Rbbt

Ruby bioinformatics toolkit

View project onGitHub

Overview

The rbbt command line tool comes in the rbbt-util gem. To update the basic rbbt-util package and the rbbt command do

gem update rbbt-util

The rbbt command is basically a wrapper that finds a particular script and executes it. Typing rbbt will show the list of first level commands. Some of these are scripts, some of them are directories containing more scripts. You may append subcommands until you reach a script; which will execute it with the rest of the parameters. The rbbt command line also consumes a couple of command line parameters, such as the –log, which specifies the level of logging to use (0 for debug, 4 for default level, 7 or more no logs at all).

Rbbt does not enforce any particular practice on the command scripts, it just loads them.
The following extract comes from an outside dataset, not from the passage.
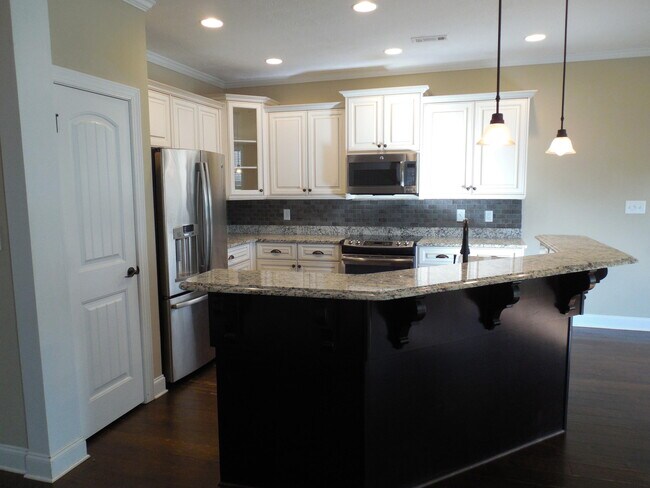 Building Photo - 812 Herrington Dr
If a command is anything but trivial, it commonly uses Rbbt’s rbbt/util/simpleopt module. Among other things, this means most command-line parameters are assigned a shorthand version. This shorthand version is determined automatically for workflow tasks. You may find these in the command-line documentation with -h.

Some of the most important commands are the following:

  • rbbt workflow
    • rbbt workflow list: See all installed workflows
    • rbbt workflow install: Install new workflows from github
    • rbbt workflow remote:
      • rbbt workflow remote {add|list|remove}: Add/list/remove remote workflows
    • rbbt workflow task: Examine, execute and monitor workflow tasks
    • rbbt workflow server: Start a http server with a REST interface that can be contacted through the browser or as a remote workflow
  • rbbt tsv
    • rbbt tsv info: Display some general information about a tsv file (field names, number of entries, ect)
    • rbbt tsv change_id: Change columns between formats

Each command is free to implement its functionality however it wants. Unless the command is very simple, it usually displays help with the ‘-h’ parameter. If they are badly documented you can always examine the code using the –locate_file to find the path to the actual script file.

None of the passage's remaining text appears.